Female BALB/c mice (6–8 weeks, 18–22 g) from Nanjing Medical University’s Laboratory Animal Center were housed under specific pathogen-free conditions with 12-h light/dark cycles and provided food and water ad libitum. Mice were anesthetized with 2,2,2-tribromoethanol (T48402, Sigma-Aldrich) dissolved in tert-amyl alcohol (721123, Sigma-Aldrich) and diluted in PBS to 20 mg/mL, administered intraperitoneally at 300–400 µL per mouse. All procedures complied with the NIH animal care guidelines and the ARRIVE guidelines and were approved by the Institutional Animal Care and Use Committee of Nanjing Medical University (Approval No: IACUC-2504001).

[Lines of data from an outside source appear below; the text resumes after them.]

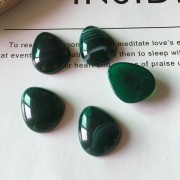 Cabochon per in resina 18x20 mm da incollare - imitazione Malachite x1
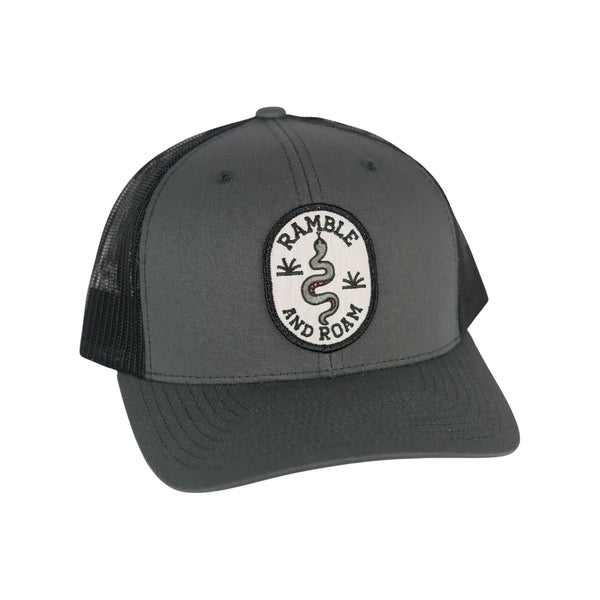 Ramble and Roam Curved Trucker - Rooster 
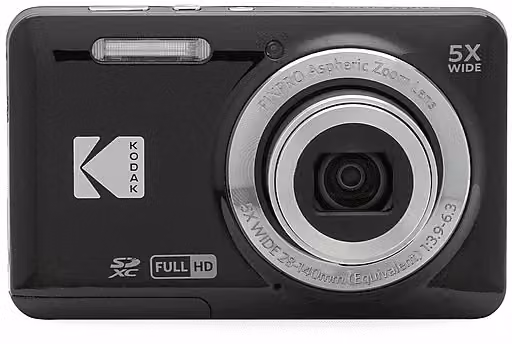 Fotocamera digitale compatta Kodak PixPro FZ55, 16,76 megapixel, Nero, con USB-C – 1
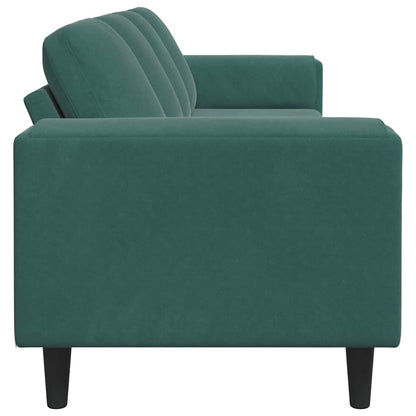 Sofa Sæt Mørkegrøn Fløjl - Billede 5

Model establishment and grouping

Female BALB/c mice (6–8 weeks) were subjected to a modified intestinal disordered flora complicated by allergic asthma (IDFAA) model in which intestinal dysbiosis and allergic asthma induction are combined (Fig. 1A). Gut microbiota depletion was achieved via the oral administration of cefoperazone–sulbactam (1 g/L in drinking water) for 7 days, concurrent with systemic sensitization via intraperitoneal (i.p.) injections of 200 µL of ovalbumin (OVA, 200 µg/mL; Sigma‒Aldrich, S7951) on days 0, 7, and 14. Airway challenge commenced 24 h after the final sensitization using aerosolized 2% OVA (30 min/day, 7 days), whereas control mice received PBS on the same schedule. On day 14, sensitized mice were randomized into five groups (n = 5 mice/group): CON, untreated controls; IDFAA, dysbiosis-asthma model (no treatment); IDFAA_CL, oral gavage with Clostridium leptum (CL, 5 × 109 CFU/day in 200 µL of PBS) for 14 days; IDFAA_BUD, budesonide (BUD) nebulization (500 µg/kg, 40 min/day) from day 22; and IDFAA_CL_BUD, combined CL and BUD therapy. On day 29, the mice were euthanized for bronchoalveolar lavage (BALF), the collection of serum, and the harvesting of tissues harvesting (lung, spleen, and colon). BALF was analyzed via ELISA and flow cytometry; tissues were subjected to histopathological and molecular profiling. The groups of IDFAA, IDFAA_CL, IDFAA_BUD, and IDFAA_CL_BUD underwent the same antibiotic treatment regimen followed by an identical natural recovery period prior to OVA challenge, which ensured that any residual effects from antibiotic withdrawal were uniformly distributed across all groups, thereby minimizing confounding influences. This design ensured that any residual effects from antibiotic withdrawal were uniformly distributed across all groups, thereby minimizing confounding influences. Budesonide (Pulmicort Suspension, AstraZeneca) was used as the inhaled corticosteroid in this study. The drug was prepared as a nebulized suspension at a concentration of 0.5 mg/mL. Aerosol generation was performed using a Medicair nebulizer (UK) with an output rate of approximately 0.3 mL/min. The aerosol was delivered into a whole-body inhalation exposure system, consisting of a plexiglass chamber (20 × 20 × 40 cm) designed to accommodate animal cages, with a total chamber airflow of approximately 3 L/min15,16,17,18.

Fig. 1
figure 1

CL relieved antibiotic-induced colon tissue damage. (A)Grouping and modeling of mice. (B) Body weight; (C) DAI; (D,E) Length of colon; (F) H&E sections of colon(All tissue images were obtained at 40× magnification and the scale bar shows 2000 μm); (G) Histological score; (H) Relative mRNA levels of Zo-1.; (IL) Relative protein levels of IL-6, occludin, and ZO-1, as detected by western blotting(Each bar represents the densitometric value from the respective lane of the blot (lane 1 = CON, lane 2 = IDFAA, lane 3 = IDFAA_BUD, lane 4 = IDFAA_CL, lane 5 = IDFAA_CL_BUD)). The immunohistochemistry staining and the relative optical density of ZO-1 (M-N) in the colon tissue (All tissue images were obtained at 100× magnification and the scale bar shows 800 μm). Data are presented as mean ± SD. Statistical significance was evaluated using one-way ANOVA followed by Tukey’s post hoc test (*P < 0.05, **P < 0.01, ***P < 0.001, ****P < 0.0001).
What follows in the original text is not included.